Search code examples
pythonpdfpdfminer

Obtaining data from a PDF file with the same layout as with a copy+paste


I have a procedure which I'm looking to automate which envolves getting a series of tables from a PDF file. Currently I can do so by opening the file in any viewer(Adobe, Sumatra, okular, etc...) and just Ctrl+A, Ctrl+C, Ctrl+V it unto Notepad, and it mantains each line aligned with a reasonable enough format that then I can just run a regex and copy and paste it into Excel for whatever is needed afterwards.

When trying to do this with python I tried various modules, PDFminer the main one which sort of works by using this example for instance. But it returns the data in a single column.

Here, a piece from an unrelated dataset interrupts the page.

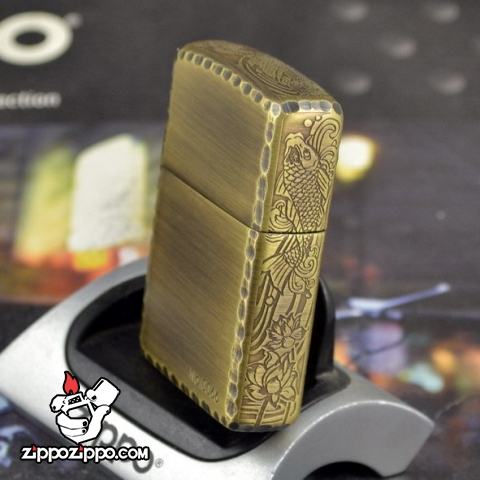 Bật lửa Zippo chính hãng đồng xước khắc cá chép bên sườn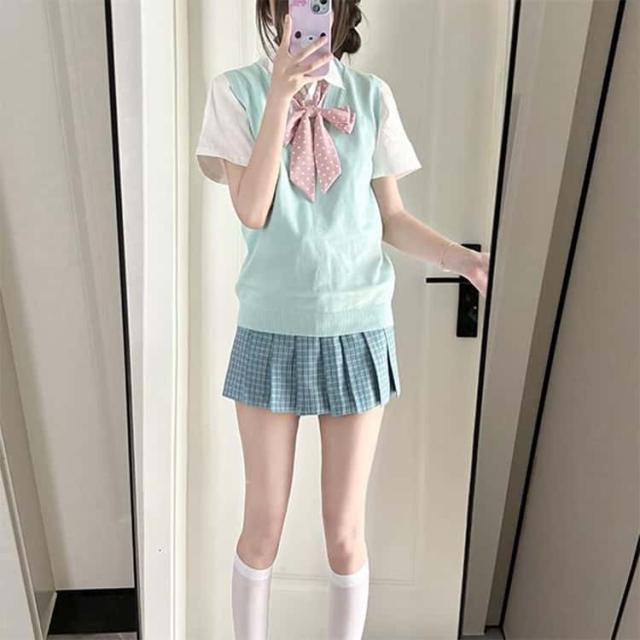 重ね着 なんちゃって 夏 春 JK ニットベスト 送料無料 制服 ベスト スクール スクールベスト レディース 高校 女子高生 学生 中学 通学 女子 学生服 大きい 小さい 男女兼用 ユニセックス Vネック スクールベスト レイヤード ニットベストの通販は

Other options include just getting it as an html table, but in this case it adds extra splitting mid-table which make the parsing more complicated or even switches columns around between the first and second pages occasionally.

I've gotten a temporary solution working for now, but I'm worried I'm reinventing the wheel when I'm probably just missing a core option in the parser or that I need to consider some fundamental option of the way the PDF renderer works to solve this.

Any ideas from how to approach it?


Solution

  • I ended up implementing a solution based on this one, by itself modified from a code by tgray. It works consistently in all of the cases I've tested so far, but I have yet to identify how to manipulate pdfminer's parameters directly to obtain the desired behaviour.